Wolverine existed before Hugh Jackman and will exist again, but now that he’s moving on, they’ve got a challenge on par with recasting Superman after Christopher Reeve. In fact, it’s tough to see that Wolverine has any future in this iteration of the franchise. They’ve made some leaps, but Jackman is inextricably tied up in several different eras within the films and the enormous emotional impact of Logan comes from some of us having watched this version of the character since we were 10 years old.
He’s so instrumental in this franchise that there’s a strong argument for this to be the last film in this current cycle. We know that won’t happen, but the argument against rebooting is to keep the cast on board.

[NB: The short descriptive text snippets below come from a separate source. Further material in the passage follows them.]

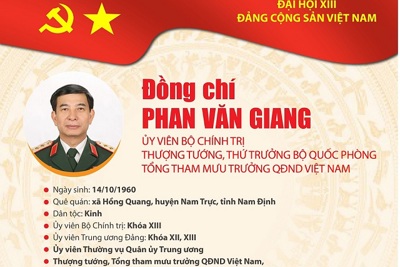 [Infographic] Quá trình công tác Ủy viên Bộ Chính trị Phan Văn Giang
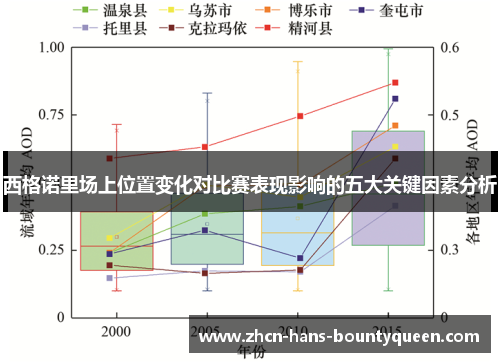 西格诺里场上位置变化对比赛表现影响的五大关键因素分析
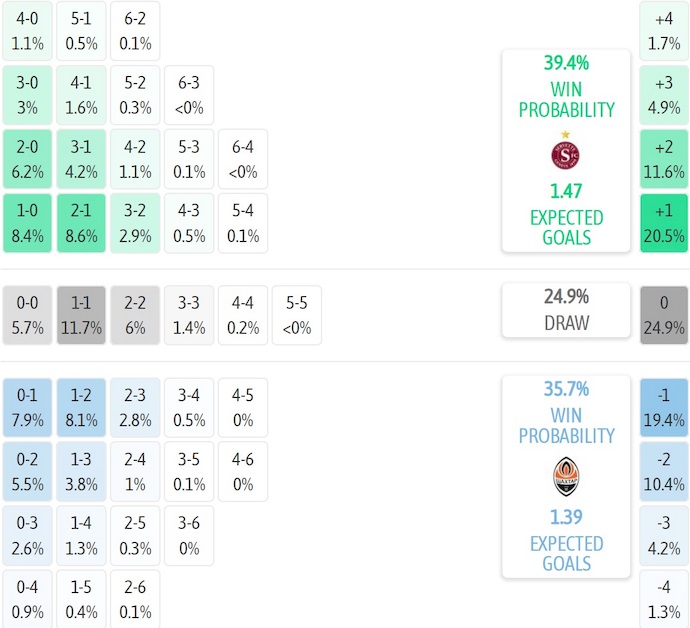 Nhận định, soi kèo Servette vs Shakhtar Donetsk, 2h00 ngày 29/8: Chủ nhà sa sút - Ảnh 6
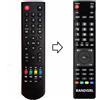 Majestic Telecomando compatibile per OK ODL 32673H-TB già programmato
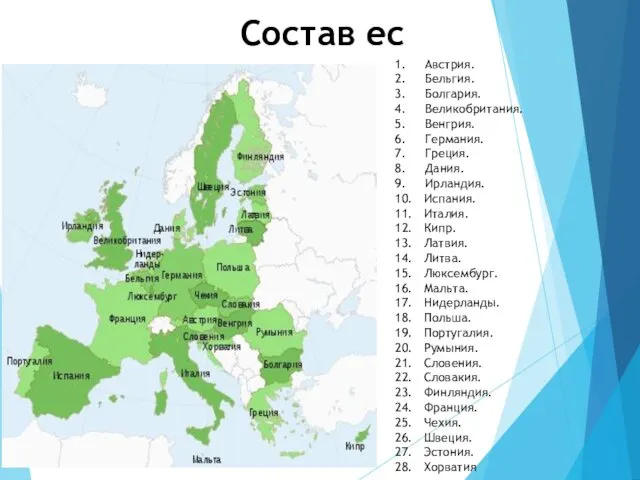 Состав ес 1. Ав­стрия. 2. Бель­гия. 3. Бол­га­рия. 4. Ве­ли­ко­бри­та­ния.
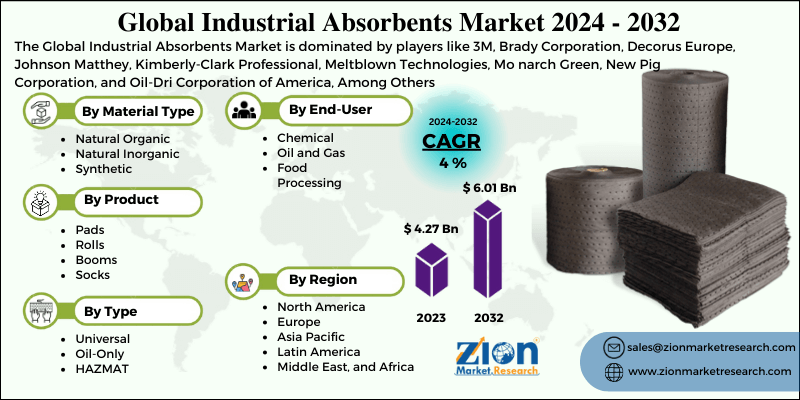 Industrial Absorbents Market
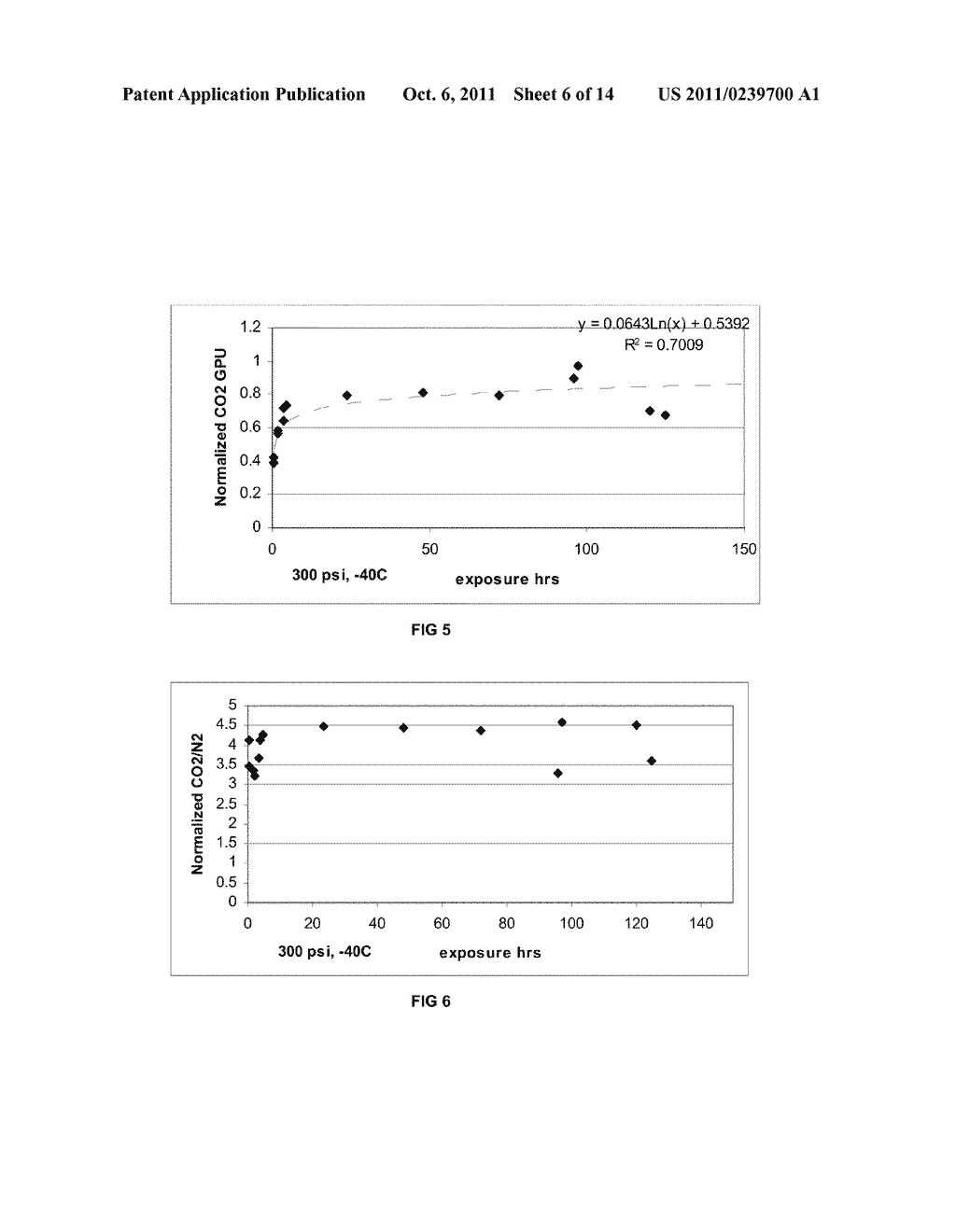 Method of Obtaining Carbon Dioxide From Carbon Dioxide-Containing Gas     Mixture - diagram, schematic, and image 07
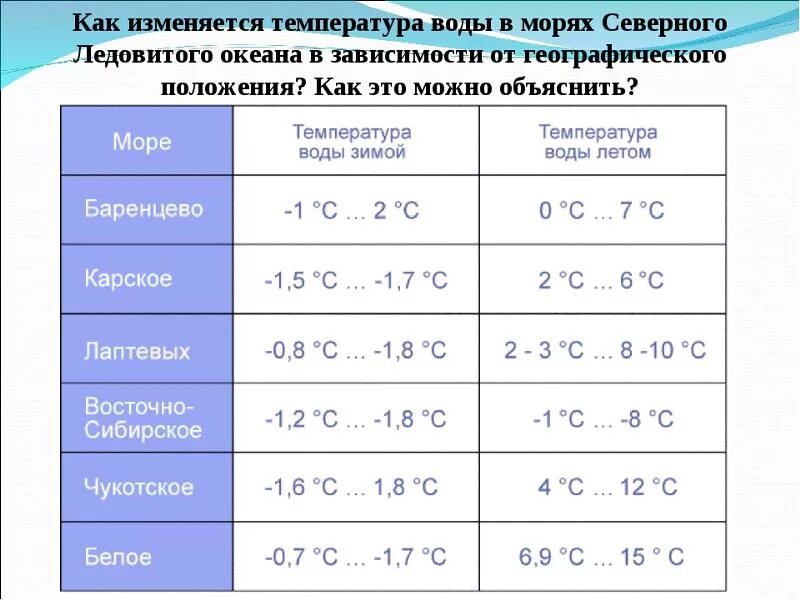 Какая температура в белой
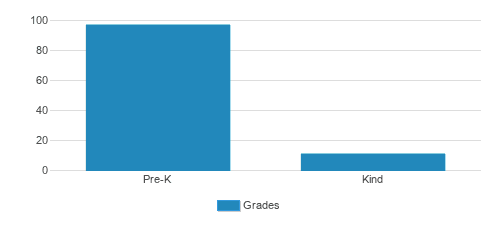 Sanlando Christian School Student By Grade Sanlando Christian School Student By Grade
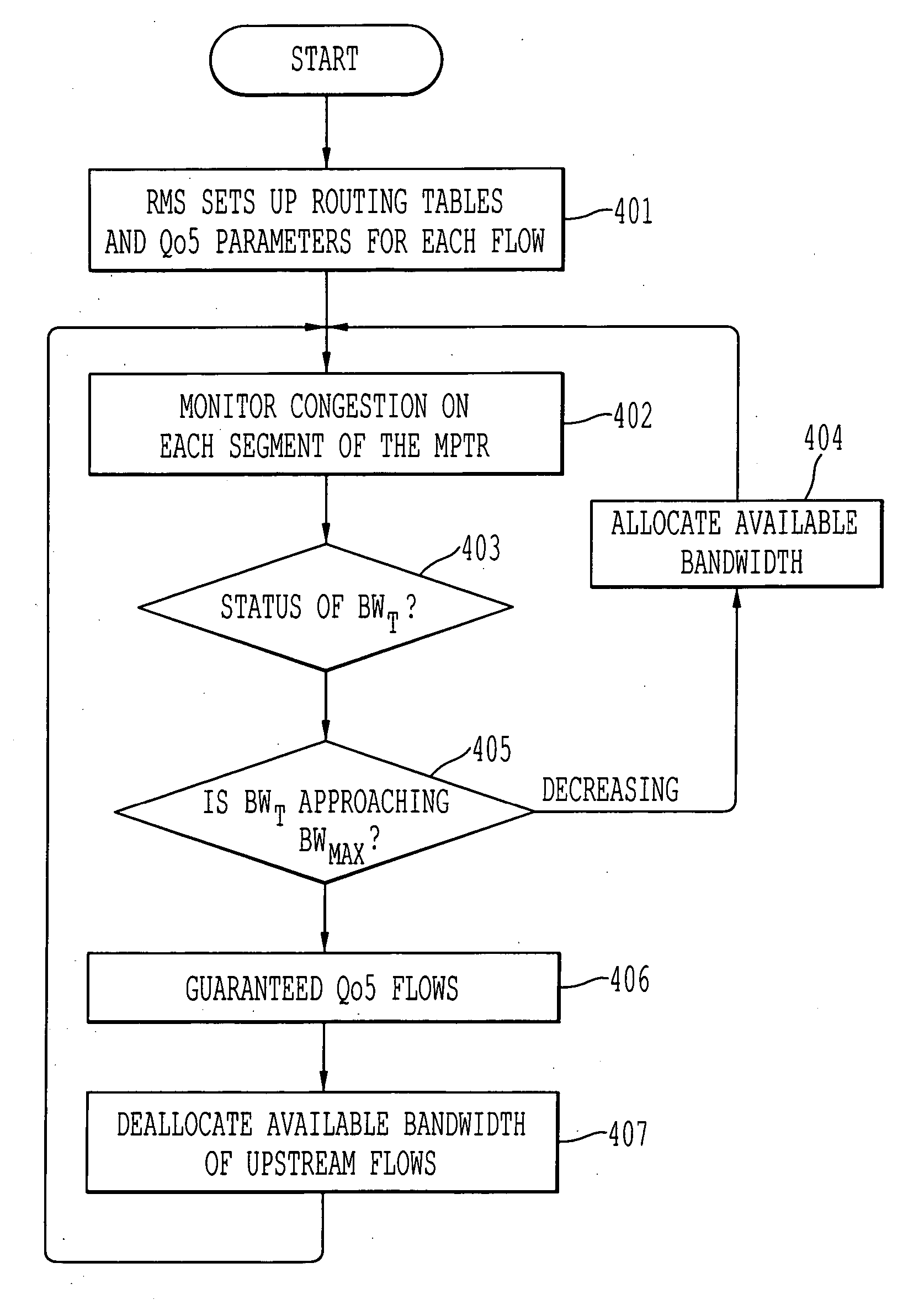 Per-flow rate control for an asynchronous metro packet transport ring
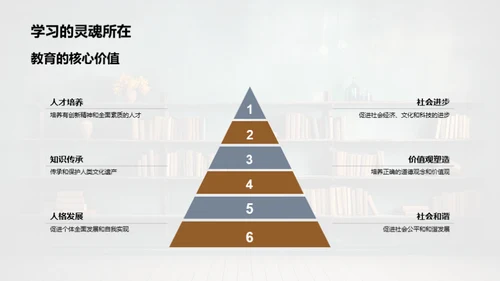 优化学历教育路径
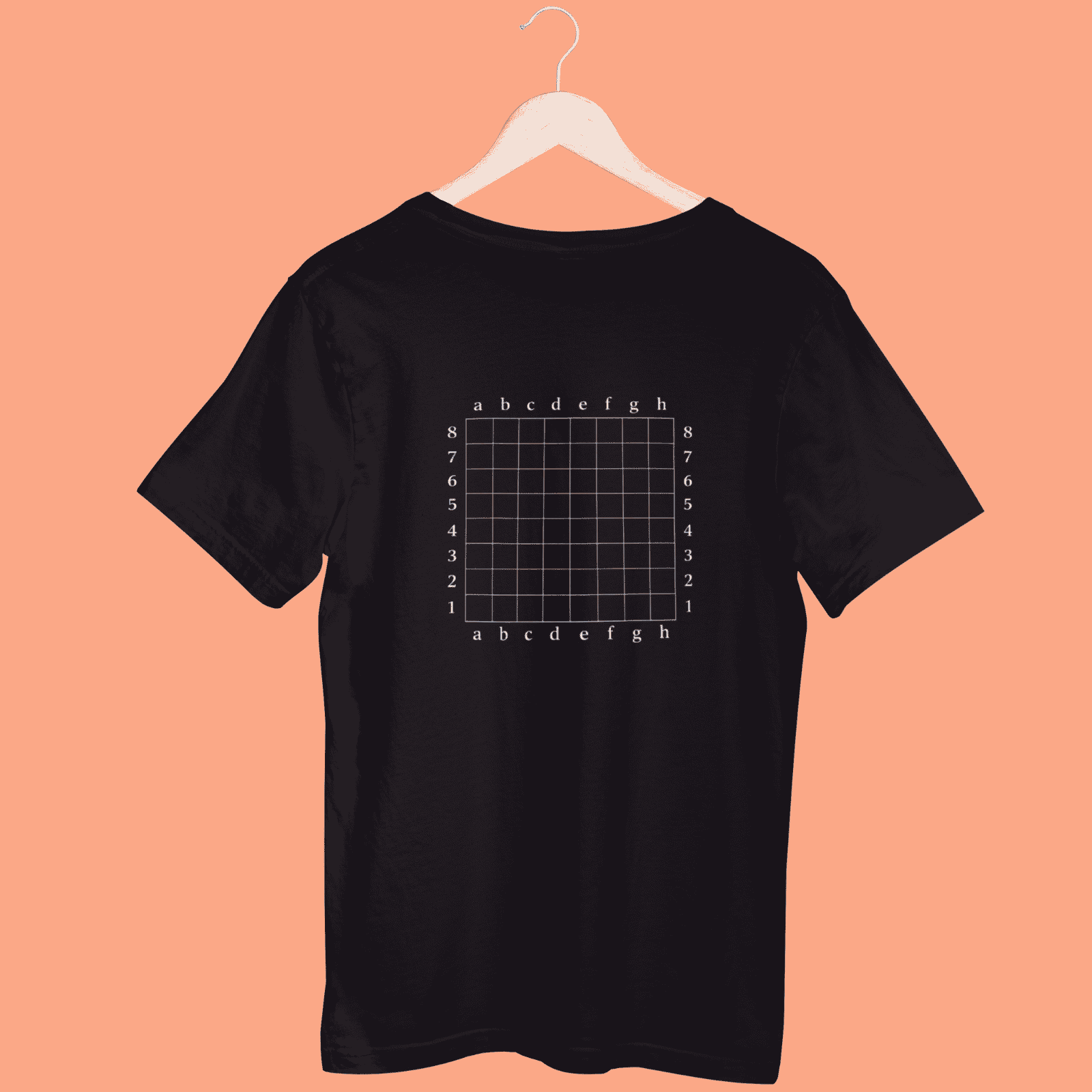 Coordenadas chess, polos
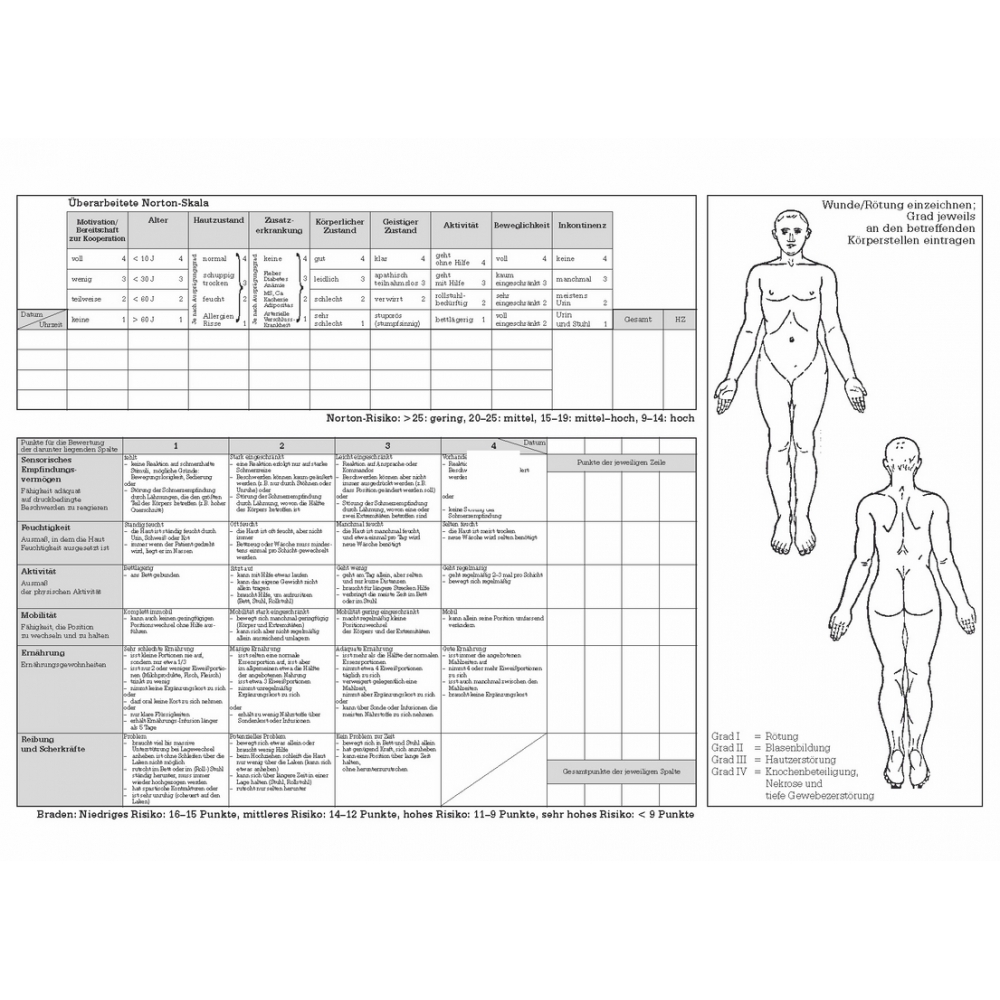 Free Printable Skin Assessment Forms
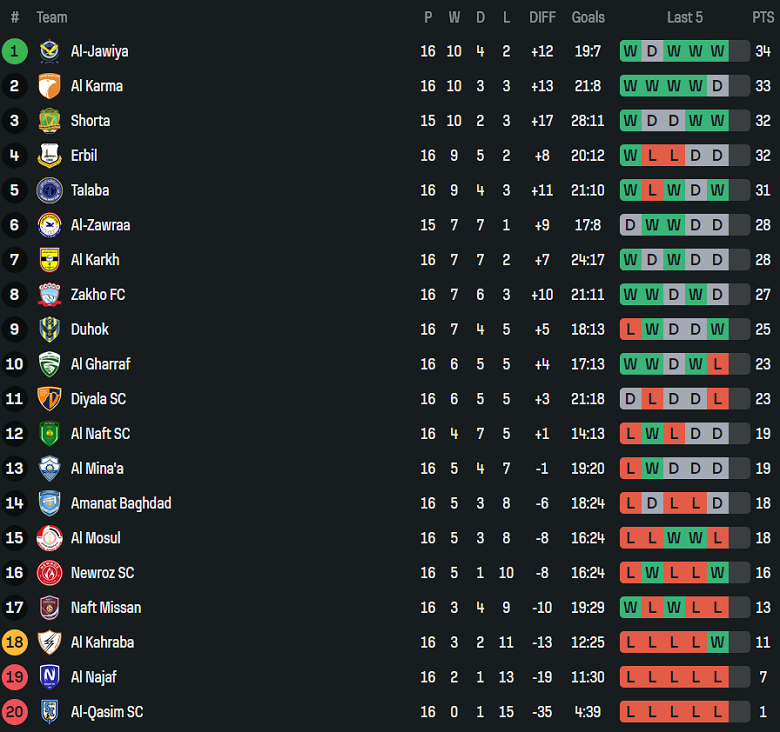 Nhận định, soi kèo Al Najaf vs Al Qasim, 19h00 ngày 5/2: Như một thói quen - Ảnh 4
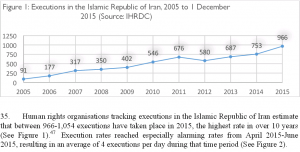 Iran HR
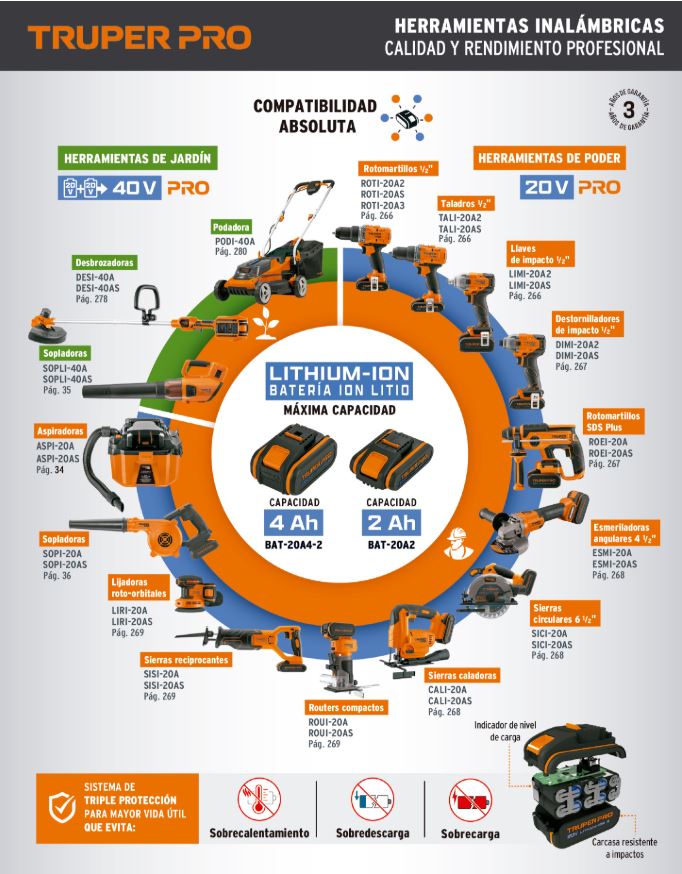 Lijadora roto-orbital 5", 20V, 1 batería 2Ah, TRUPER PRO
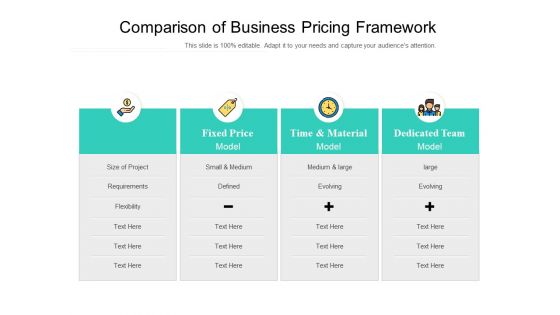 Comparison Of Business Pricing Framework Ppt PowerPoint Presentation Slides Deck PDF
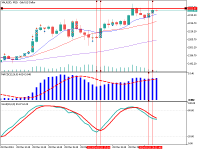 Chart XAUUSD, M15, 2024.03.28 18:06 UTC, Propridge Capital Markets Limited, MetaTrader 5, Demo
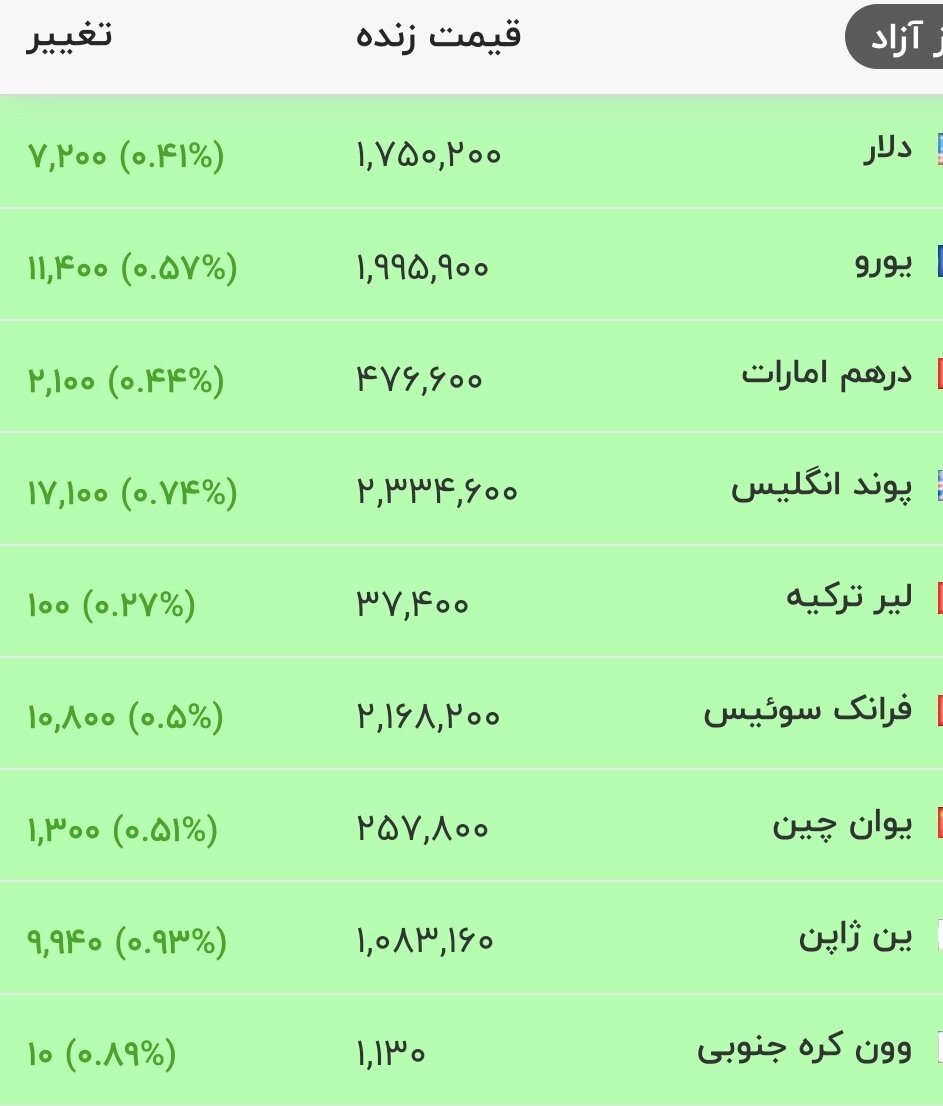 قیمت جدید دلار، یورو و سایر ارزها امروز ۱۱ تیرماه ۱۴۰۵/ دلار یک کانال دیگر جلو رفت + جدول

Now after Jackman and Stewart’s final curtain, with Michael Fassbender and Jennifer Lawrence potentially dragging their feet about coming back now that their contracts are up, Fox are losing many of the key players who have kept the franchise going this long. You don’t get a movie like Days of Future Past, in which you can put great actors like Stewart, Ellen Page, and Ian McKellen to work watching a bloke sleep for most of the running time, without someone like Jackman holding it together.
In Logan, the definitive star of the X-Men franchise closes on a film that’s finally every bit as worthy of his performance, but also finds new dimensions in him. His portrayal has never chimed with the stocky and surly portrayal in the comics, and perhaps that’s where his inevitable replacement will break new ground on screen, but for a generation of film fans, Hugh Jackman is the best there is at what he does.